Repeat exactly, and nothing more, the lines from the one that includes "(1 nogizaka girl,15years" through the final line of the entries; skip the pictures.

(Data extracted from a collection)
——
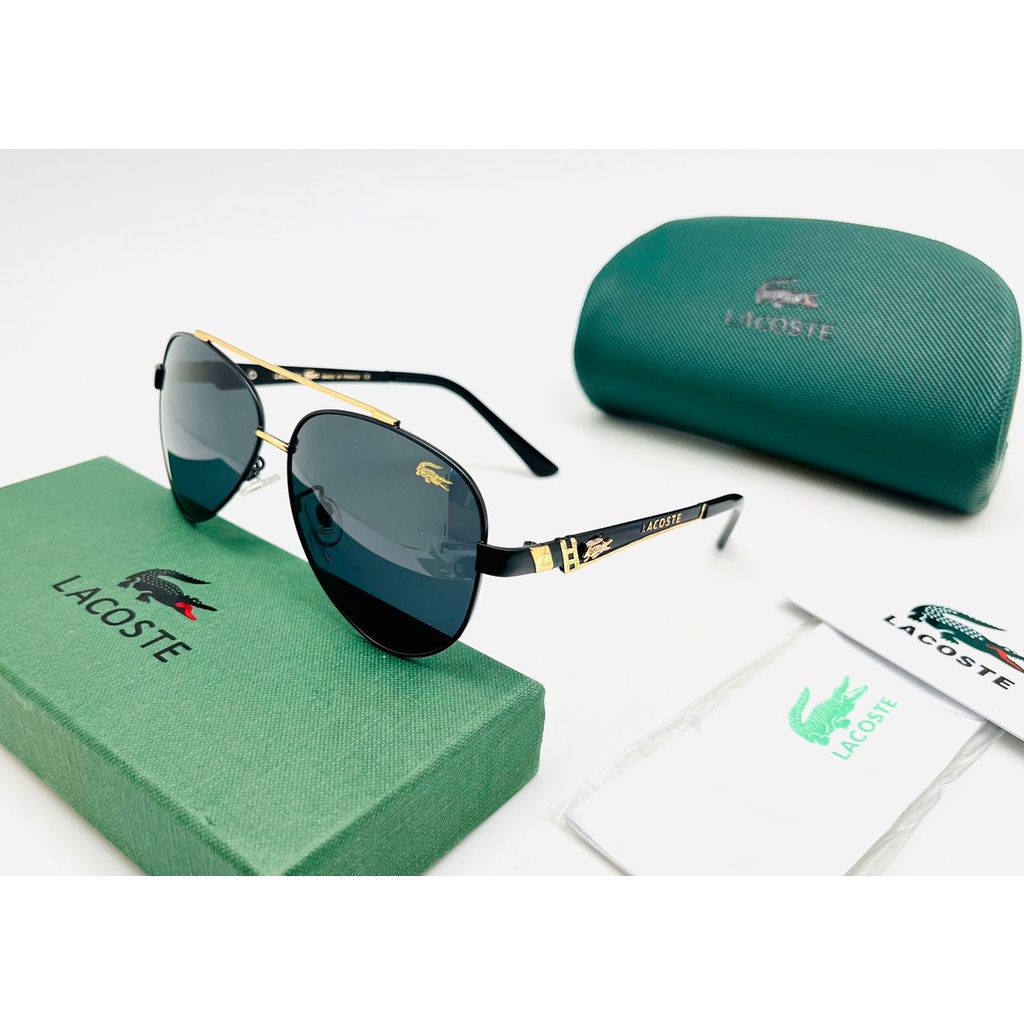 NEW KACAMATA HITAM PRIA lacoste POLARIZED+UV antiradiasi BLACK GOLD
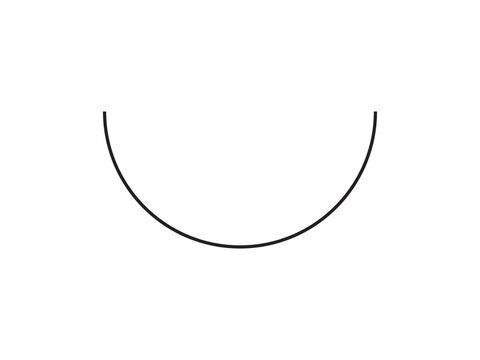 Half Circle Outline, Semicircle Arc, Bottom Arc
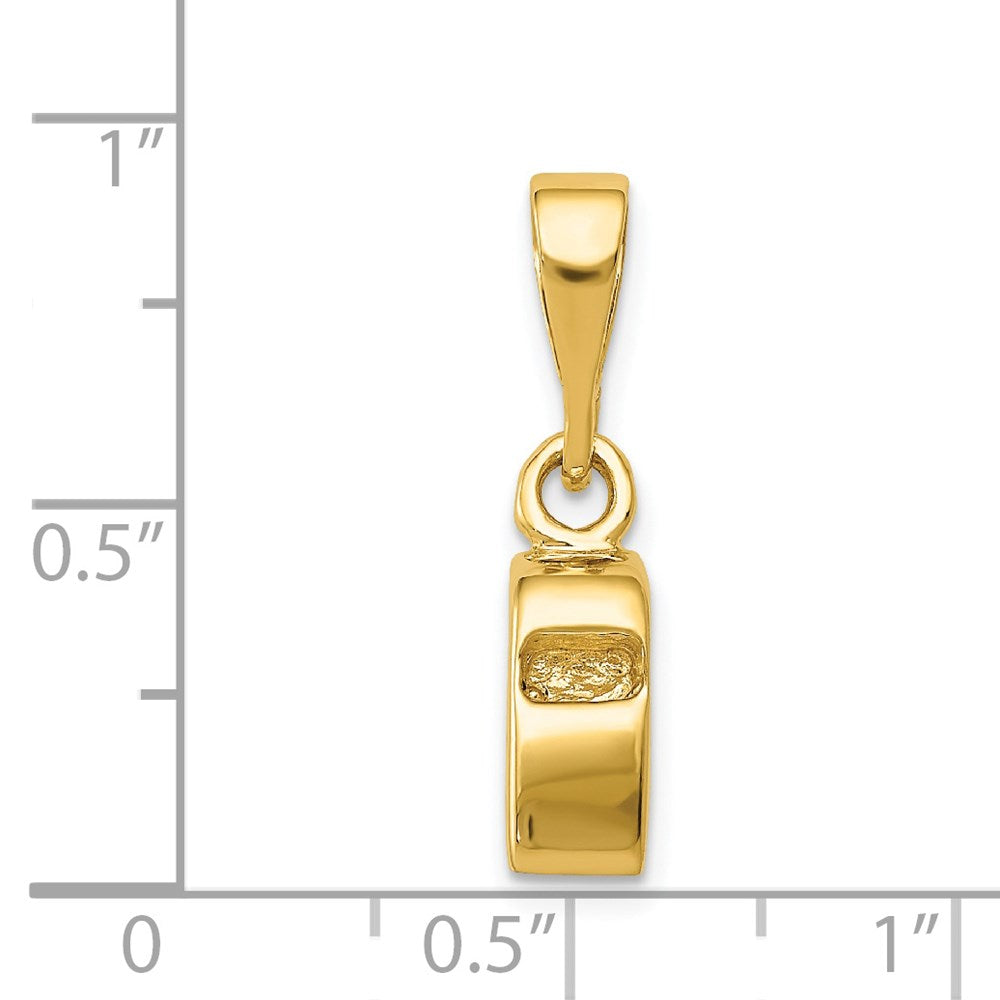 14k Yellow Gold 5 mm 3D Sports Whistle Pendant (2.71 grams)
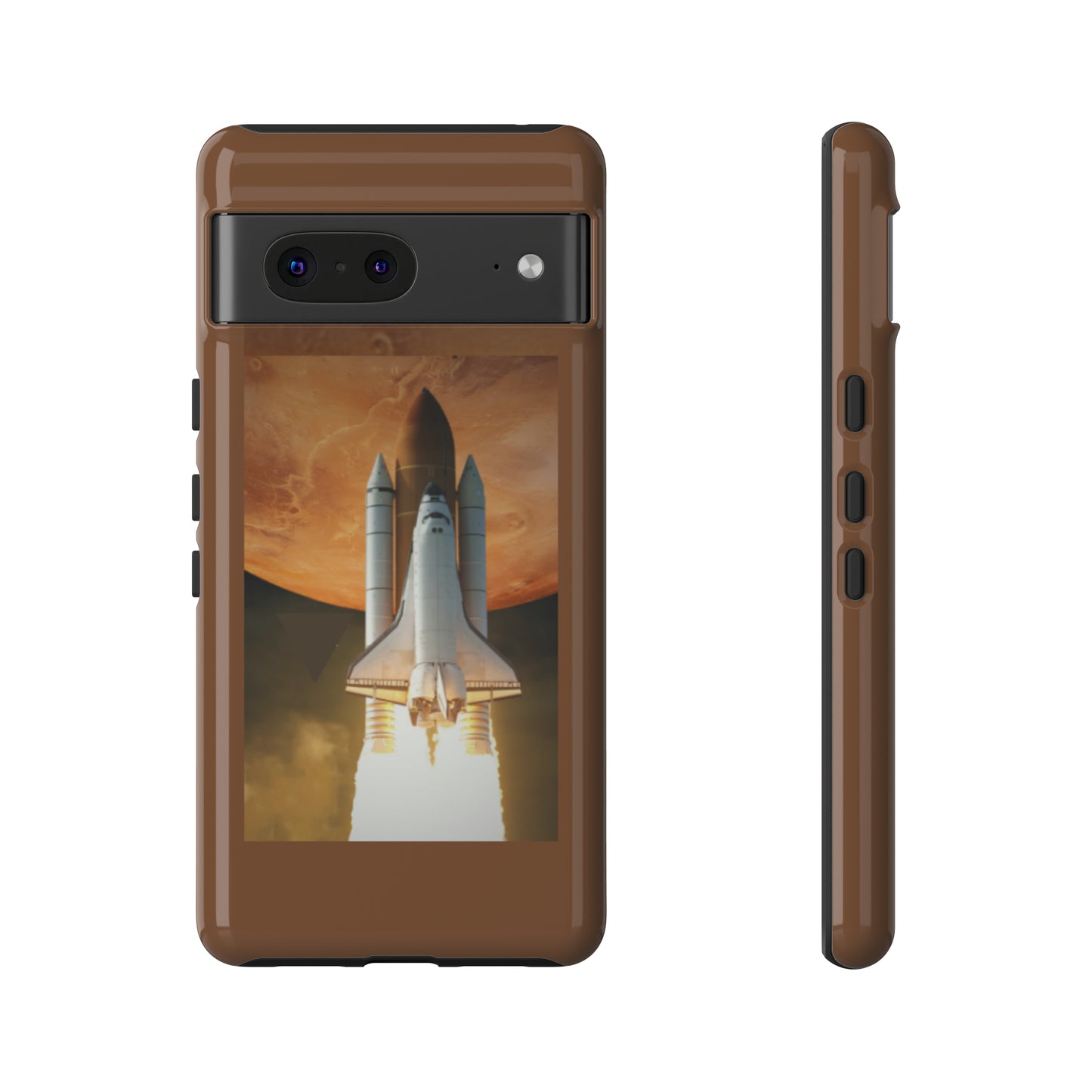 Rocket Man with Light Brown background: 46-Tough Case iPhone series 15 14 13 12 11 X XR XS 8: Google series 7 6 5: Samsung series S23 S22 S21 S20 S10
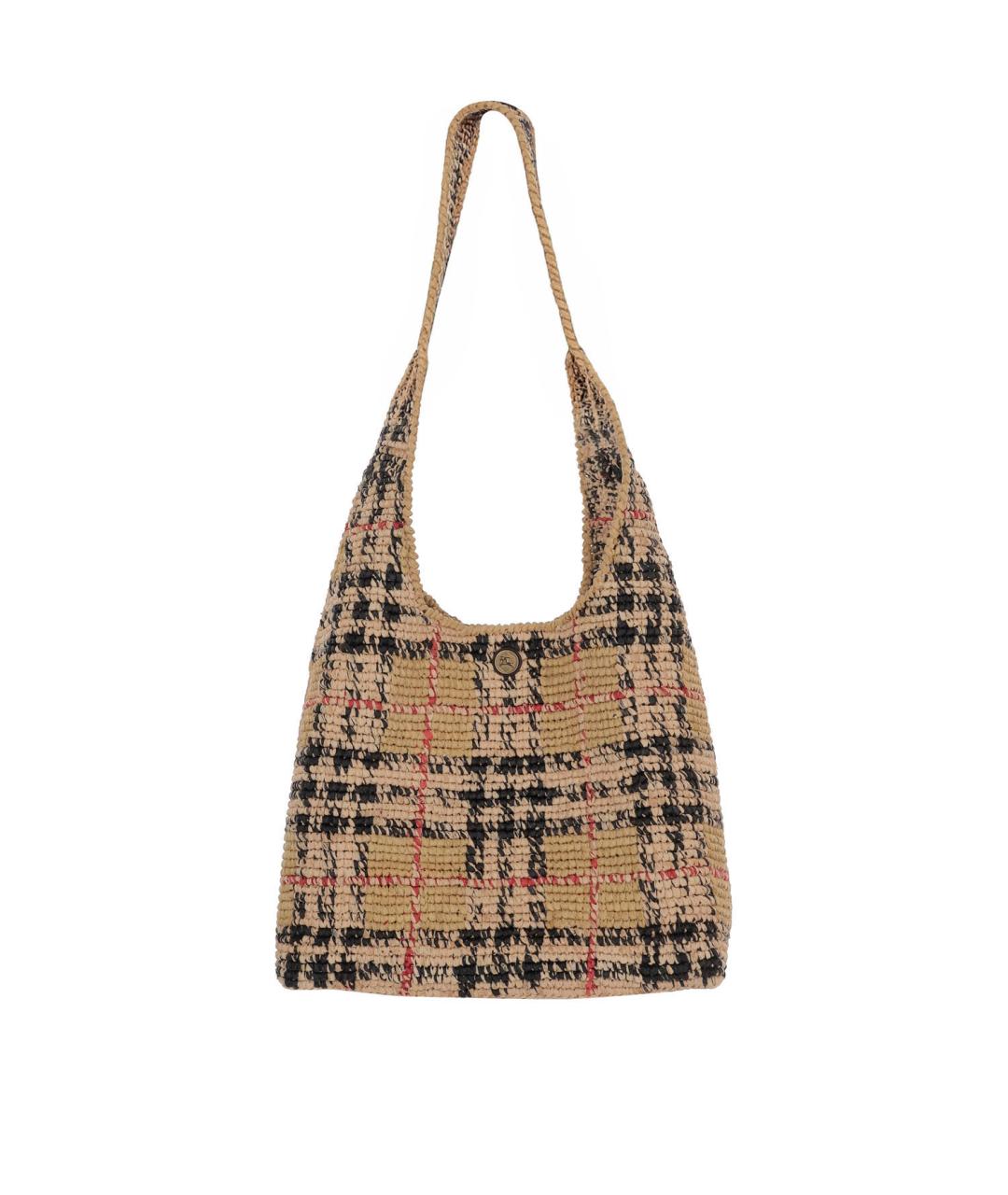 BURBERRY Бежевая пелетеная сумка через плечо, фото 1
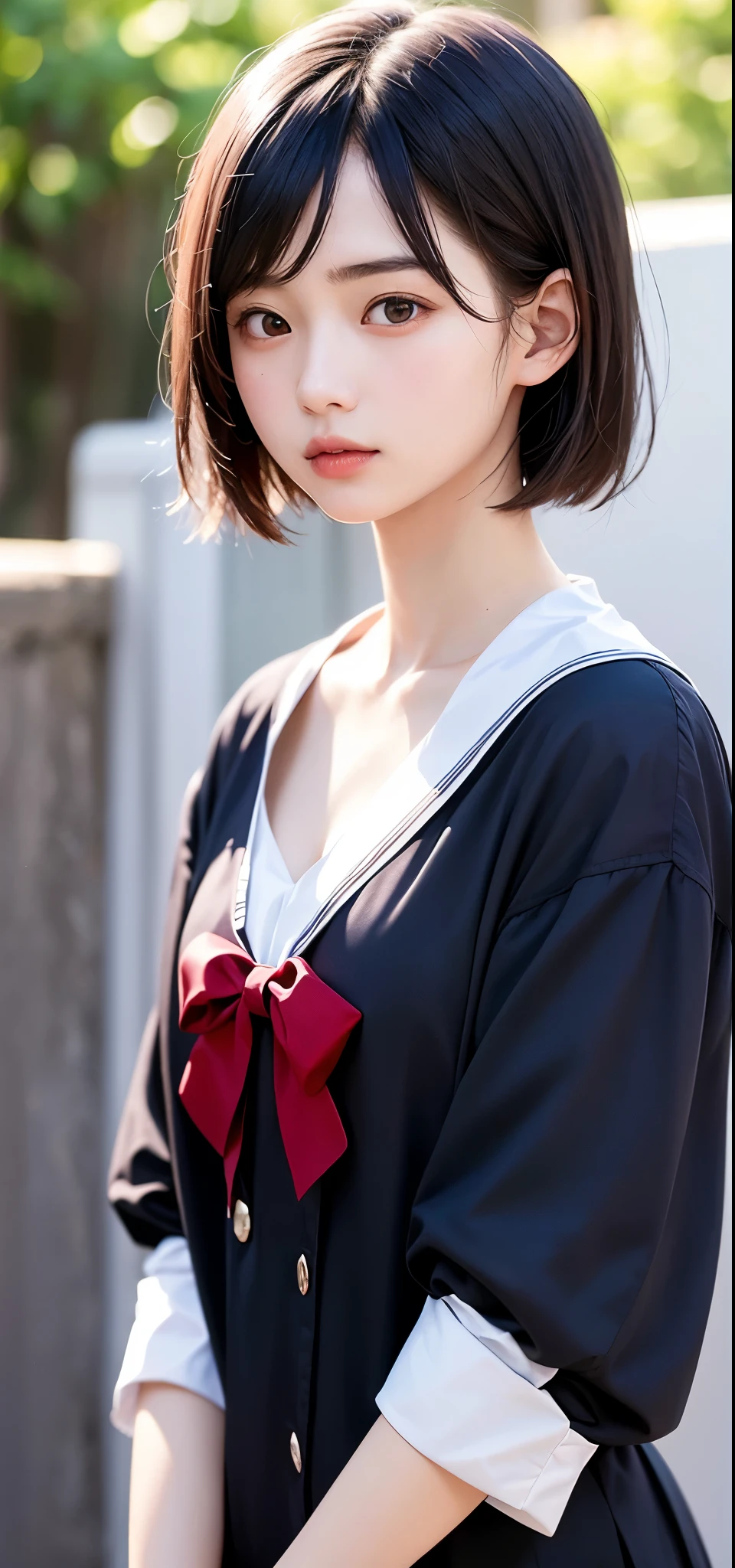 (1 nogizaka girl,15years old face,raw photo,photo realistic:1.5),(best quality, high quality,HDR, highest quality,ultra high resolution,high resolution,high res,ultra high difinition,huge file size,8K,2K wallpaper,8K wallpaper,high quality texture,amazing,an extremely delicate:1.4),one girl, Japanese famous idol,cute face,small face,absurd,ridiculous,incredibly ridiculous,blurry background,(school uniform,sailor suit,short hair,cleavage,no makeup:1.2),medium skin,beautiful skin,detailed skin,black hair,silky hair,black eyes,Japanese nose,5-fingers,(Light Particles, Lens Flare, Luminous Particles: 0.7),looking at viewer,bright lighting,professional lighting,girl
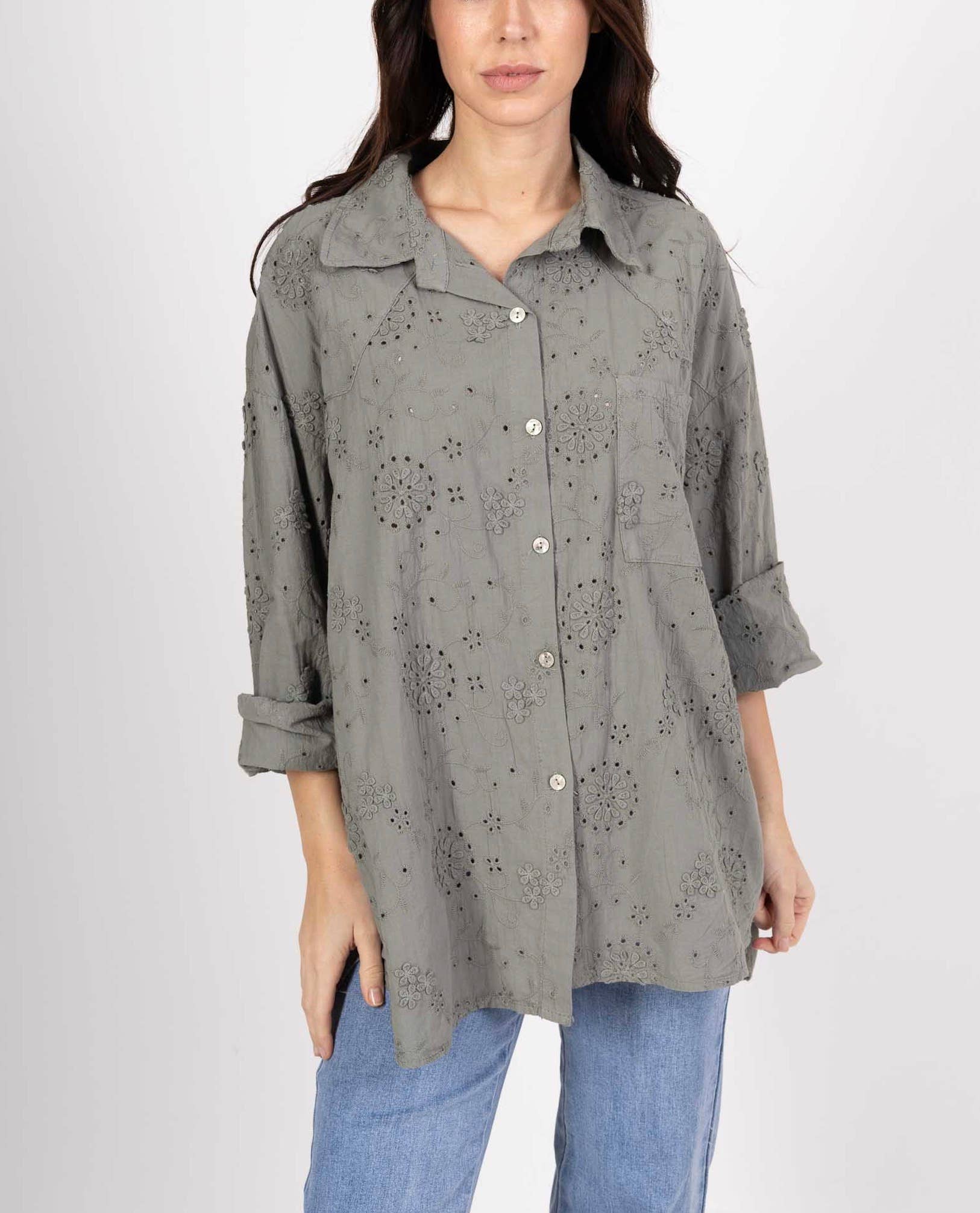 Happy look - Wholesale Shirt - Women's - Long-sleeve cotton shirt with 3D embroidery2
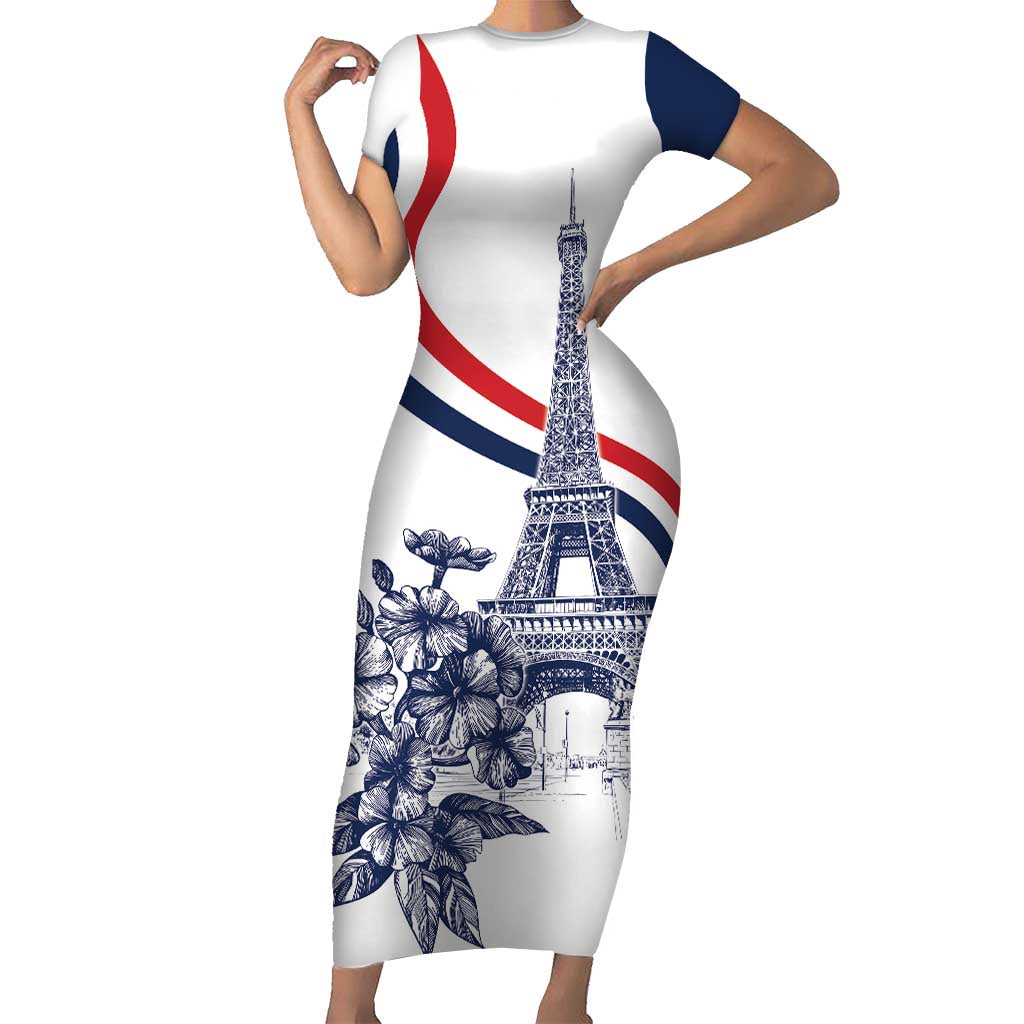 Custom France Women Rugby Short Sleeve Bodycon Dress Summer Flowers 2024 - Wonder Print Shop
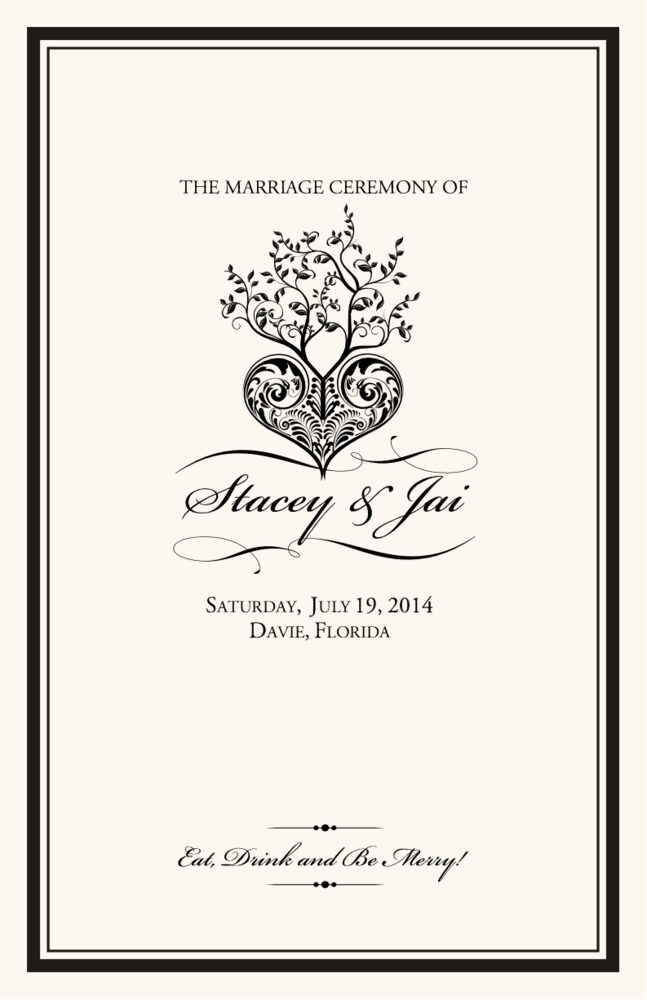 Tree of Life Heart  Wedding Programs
——
#### EXERCISE OUTPUT:
 (1 nogizaka girl,15years old face,raw photo,photo realistic:1.5),(best quality, high quality,HDR, highest quality,ultra high resolution,high resolution,high res,ultra high difinition,huge file size,8K,2K wallpaper,8K wallpaper,high quality texture,amazing,an extremely delicate:1.4),one girl, Japanese famous idol,cute face,small face,absurd,ridiculous,incredibly ridiculous,blurry background,(school uniform,sailor suit,short hair,cleavage,no makeup:1.2),medium skin,beautiful skin,detailed skin,black hair,silky hair,black eyes,Japanese nose,5-fingers,(Light Particles, Lens Flare, Luminous Particles: 0.7),looking at viewer,bright lighting,professional lighting,girl
 Happy look - Wholesale Shirt - Women's - Long-sleeve cotton shirt with 3D embroidery2
 Custom France Women Rugby Short Sleeve Bodycon Dress Summer Flowers 2024 - Wonder Print Shop
 Tree of Life Heart  Wedding Programs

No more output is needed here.